The Privy Council - and the world - sees the range of 'independent' institutions we have to fight every crime in society and ensure that justice prevails: An Independent Commission Against Corruption whose head is appointed by the president of the Republic, who himself is nominated by Parliament, after consultation with the prime minister and the leader of the opposition; a police commissioner with full powers who does not take orders from anyone. A Parliament elected 'democratically' and presided over by a speaker who is so independent that he does not belong to any political party and does not stand for elections to avoid any bias. Parliamentarians free to ask questions and insist on accountability with backbenchers enjoying the right to put their own leader on the spot when their duty to protect their constituents calls for it. An Integrity Reporting Service Agency headed by two highflying expats brought all the way from the UK to enhance the fight on ill-gotten wealth. We even have a Mauritius Standards Bureau to make sure everything we buy is of high standards. Our constitution guarantees the freedom of expression. We have a Special Striking Team to give the drug mafia sleepless night.

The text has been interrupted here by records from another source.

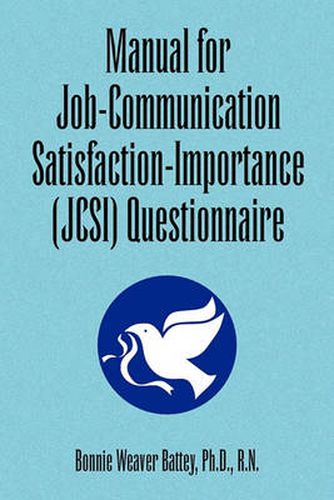 Cover image for Manual for Job-Communication Satisfaction-Importance (Jcsi) Questionnaire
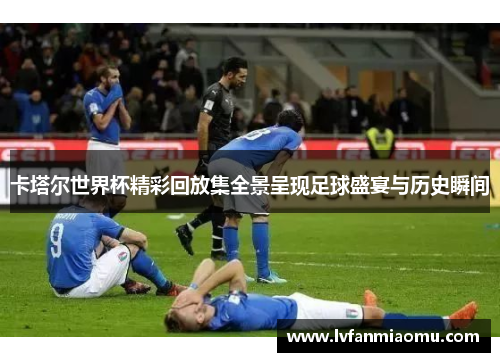 卡塔尔世界杯精彩回放集全景呈现足球盛宴与历史瞬间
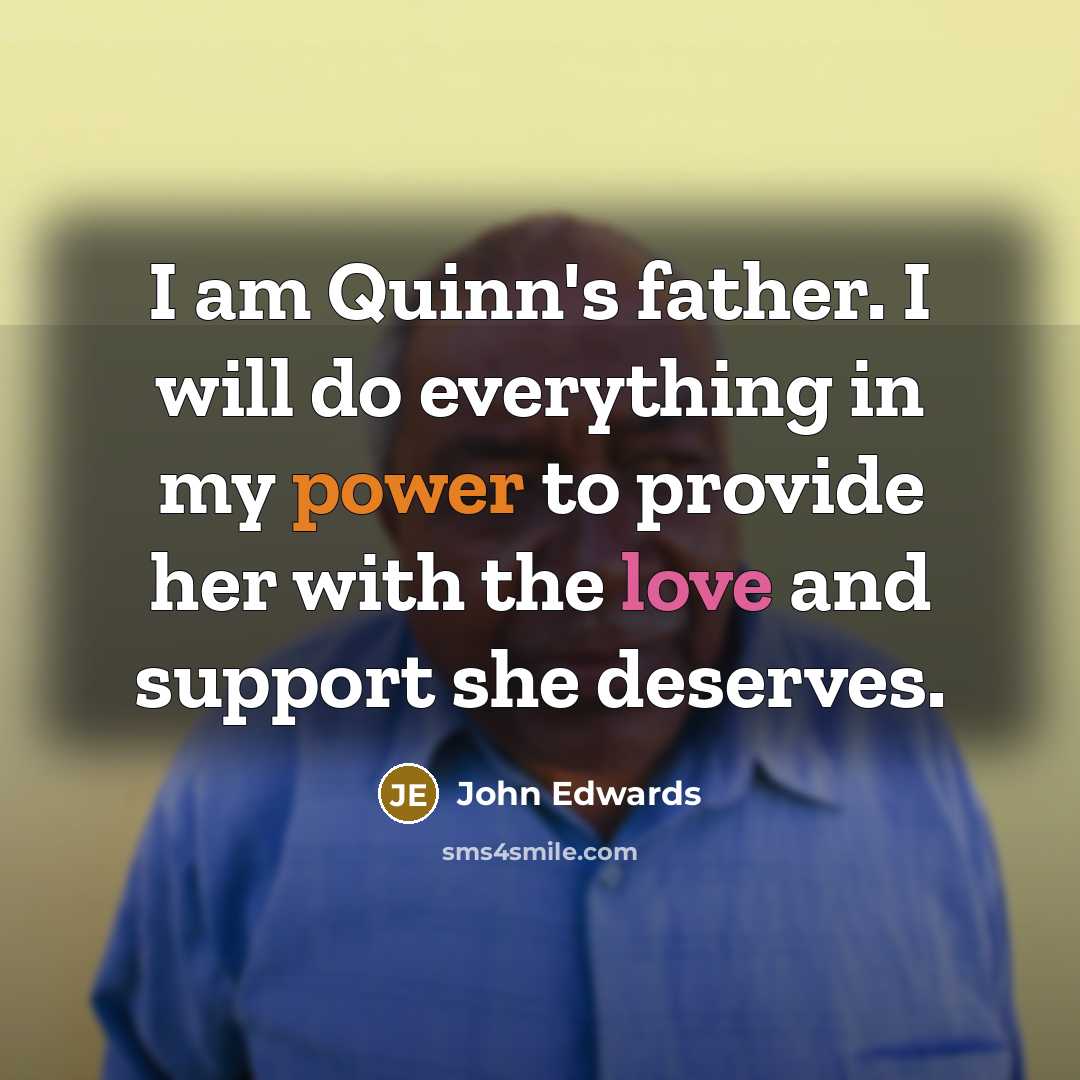 “I am Quinn's father. I will do everything in my…” quote by John Edwards
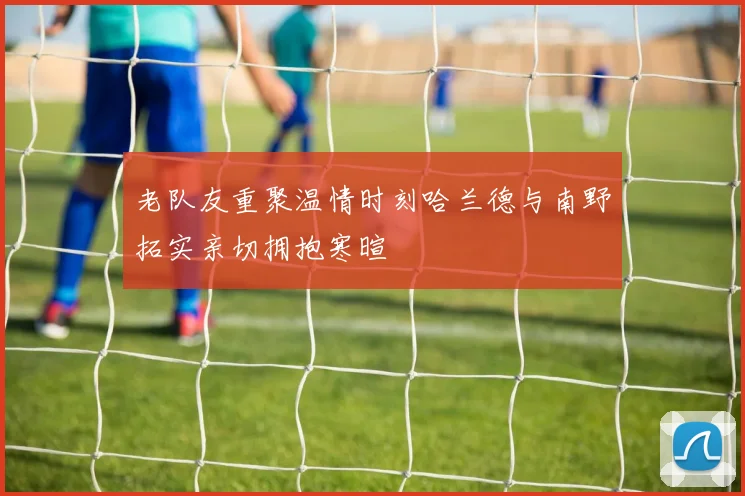 老队友重聚温情时刻哈兰德与南野拓实亲切拥抱寒暄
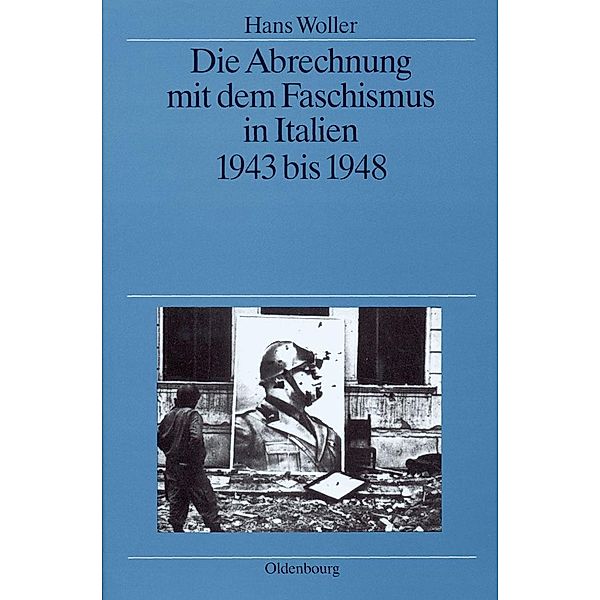 Die Abrechnung mit dem Faschismus in Italien 1943 bis 1948 / Quellen und Darstellungen zur Zeitgeschichte Bd.38, Hans Woller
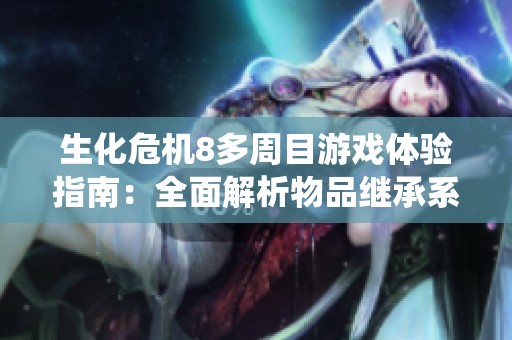 生化危机8多周目游戏体验指南：全面解析物品继承系统与策略技巧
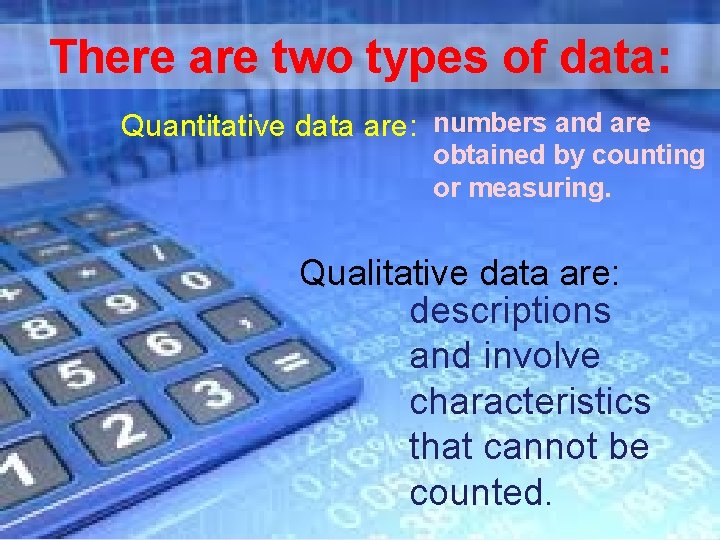 There are two types of data: Quantitative data are: numbers and are obtained by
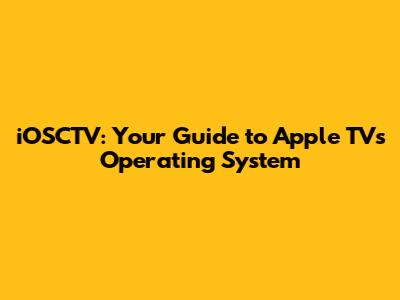 iOSCTV: Your Guide to Apple TV's Operating System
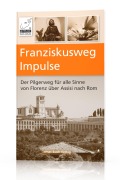 Cover-Bild zum Titel 'Franziskusweg Impulse' von 'Anton Ochsenkühn, Simone Ochsenkühn'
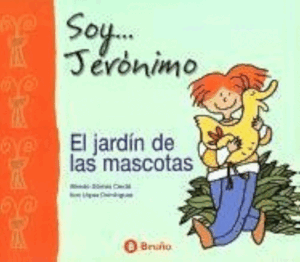 SOY JERÓNIMO. EL JARDÍN DE LAS MASCOTAS (TAPA DURA)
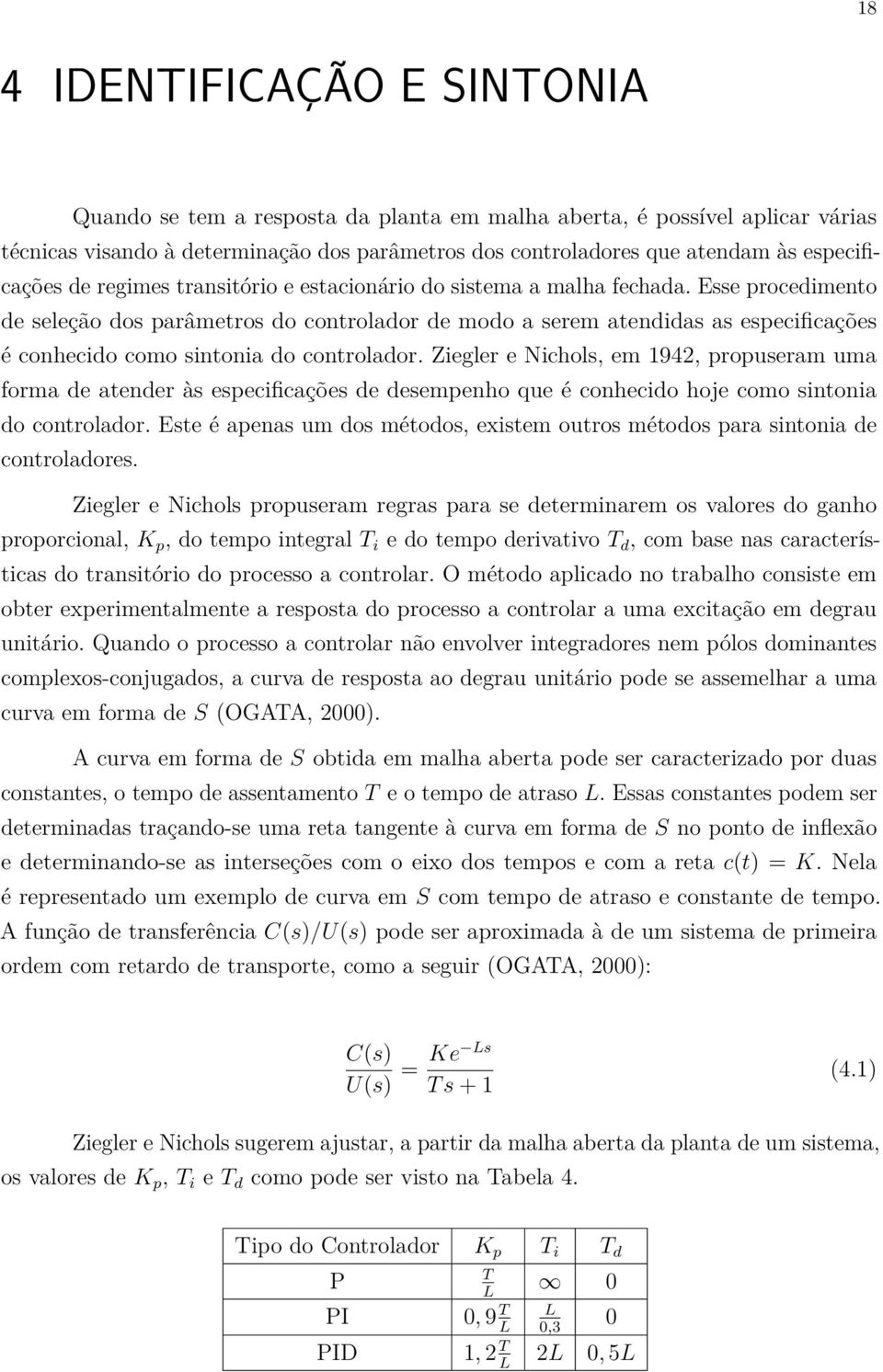 Esse procedimento de seleção dos parâmetros do controlador de modo a serem atendidas as especificações é conhecido como sintonia do controlador.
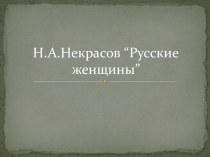 Презентация по русской словесности на тему Н.А.Некрасов Русские женщины (7 класс)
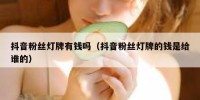 抖音粉丝灯牌有钱吗（抖音粉丝灯牌的钱是给谁的）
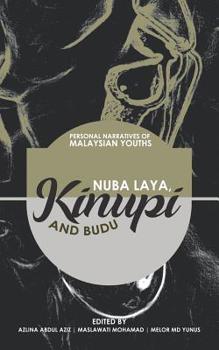 Nuba Laya, Kinupi and Budu : Personal Narratives of Malaysian Youths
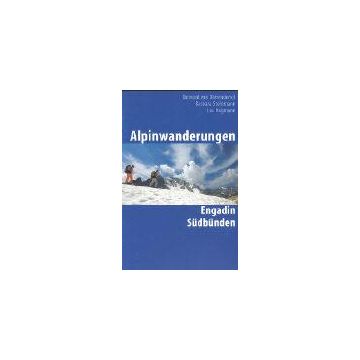 Alpinwanderungen Engadin Südbünden / Weber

We have an Electoral Supervisory Commission to make sure our elections are free, fair and credible.

Who will explain to the Privy Council that the above institutions too often take their marching orders directly from the MSM kitchen; that they all have one common mission: target political opponents and protect their own people no matter what. That they are all teeming with partisan people who are there to ensure that 'their' government stays in power forever. That government MPs specialise in asking questions written for them with two aims: waxing lyrical about their leader and criticising the opposition. That the speaker is so shamelessly biased that there is no need to waste time talking about him. That a law had to be tweaked and a whole board sacked to allow their unqualified candidate to be appointed at the head of the MSB. That Air Mauritius Cabin Crew Association President Yogita Baboo was sacked by her employer for expressing her opinion on a private radio. Heck, who will be able to explain to them the Katori episode in Plaine Verte which was grossly and effectively manipulated at the eleventh hour by the MSM and its MBC chatwas? Who will explain the word "chatwa" itself?

No, I am not saying we should do away with the Privy Council. Far from it. What I am saying is that there is a big difference between the law and justice.